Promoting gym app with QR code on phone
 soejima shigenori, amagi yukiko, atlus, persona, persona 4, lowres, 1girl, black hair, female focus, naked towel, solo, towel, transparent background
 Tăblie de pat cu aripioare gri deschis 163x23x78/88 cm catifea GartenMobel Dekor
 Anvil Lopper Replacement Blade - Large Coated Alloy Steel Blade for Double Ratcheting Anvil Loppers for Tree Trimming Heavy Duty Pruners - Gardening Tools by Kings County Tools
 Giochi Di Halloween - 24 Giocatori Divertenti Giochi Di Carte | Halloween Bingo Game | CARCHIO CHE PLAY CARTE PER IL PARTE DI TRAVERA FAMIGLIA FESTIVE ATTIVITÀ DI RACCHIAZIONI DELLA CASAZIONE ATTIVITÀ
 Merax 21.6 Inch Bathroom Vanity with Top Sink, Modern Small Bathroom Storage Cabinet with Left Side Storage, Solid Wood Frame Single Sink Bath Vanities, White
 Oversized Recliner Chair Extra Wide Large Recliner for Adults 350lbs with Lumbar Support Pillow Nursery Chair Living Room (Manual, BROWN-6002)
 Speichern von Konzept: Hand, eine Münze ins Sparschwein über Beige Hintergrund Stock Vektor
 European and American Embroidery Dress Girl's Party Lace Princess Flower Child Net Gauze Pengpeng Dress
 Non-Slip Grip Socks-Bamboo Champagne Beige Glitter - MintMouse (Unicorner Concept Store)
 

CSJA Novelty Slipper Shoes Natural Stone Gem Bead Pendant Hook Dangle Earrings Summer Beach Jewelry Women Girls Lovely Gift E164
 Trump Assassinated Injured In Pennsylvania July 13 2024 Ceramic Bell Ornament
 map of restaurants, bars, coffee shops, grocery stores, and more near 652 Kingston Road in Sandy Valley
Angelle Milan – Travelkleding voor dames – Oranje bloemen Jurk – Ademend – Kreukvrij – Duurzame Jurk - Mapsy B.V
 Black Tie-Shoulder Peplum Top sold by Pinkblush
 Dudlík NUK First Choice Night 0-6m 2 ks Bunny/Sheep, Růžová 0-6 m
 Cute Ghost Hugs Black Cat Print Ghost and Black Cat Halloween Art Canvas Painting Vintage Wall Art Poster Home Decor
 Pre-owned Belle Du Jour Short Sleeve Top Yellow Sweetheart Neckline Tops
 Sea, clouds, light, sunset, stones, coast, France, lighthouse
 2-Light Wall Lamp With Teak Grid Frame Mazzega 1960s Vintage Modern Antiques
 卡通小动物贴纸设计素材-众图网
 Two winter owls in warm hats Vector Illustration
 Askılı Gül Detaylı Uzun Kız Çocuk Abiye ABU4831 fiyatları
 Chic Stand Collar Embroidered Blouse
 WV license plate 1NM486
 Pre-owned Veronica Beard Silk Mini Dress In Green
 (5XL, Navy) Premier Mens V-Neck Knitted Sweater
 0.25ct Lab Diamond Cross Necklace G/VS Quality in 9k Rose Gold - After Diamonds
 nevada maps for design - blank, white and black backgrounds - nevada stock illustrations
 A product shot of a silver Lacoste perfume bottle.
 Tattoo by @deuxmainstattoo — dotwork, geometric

[YOUR GOAL]:
Repeat word for word the lines above that run from the line containing "Non-Slip Grip Socks-Bamboo" through the line containing "Sea, clouds, light, sunset, stones, coast, France, lighthouse", both ends included, and nothing else.

[RESULT FOR THIS EXERCISE]:
 Non-Slip Grip Socks-Bamboo Champagne Beige Glitter - MintMouse (Unicorner Concept Store)
 

CSJA Novelty Slipper Shoes Natural Stone Gem Bead Pendant Hook Dangle Earrings Summer Beach Jewelry Women Girls Lovely Gift E164
 Trump Assassinated Injured In Pennsylvania July 13 2024 Ceramic Bell Ornament
 map of restaurants, bars, coffee shops, grocery stores, and more near 652 Kingston Road in Sandy Valley
Angelle Milan – Travelkleding voor dames – Oranje bloemen Jurk – Ademend – Kreukvrij – Duurzame Jurk - Mapsy B.V
 Black Tie-Shoulder Peplum Top sold by Pinkblush
 Dudlík NUK First Choice Night 0-6m 2 ks Bunny/Sheep, Růžová 0-6 m
 Cute Ghost Hugs Black Cat Print Ghost and Black Cat Halloween Art Canvas Painting Vintage Wall Art Poster Home Decor
 Pre-owned Belle Du Jour Short Sleeve Top Yellow Sweetheart Neckline Tops
 Sea, clouds, light, sunset, stones, coast, France, lighthouse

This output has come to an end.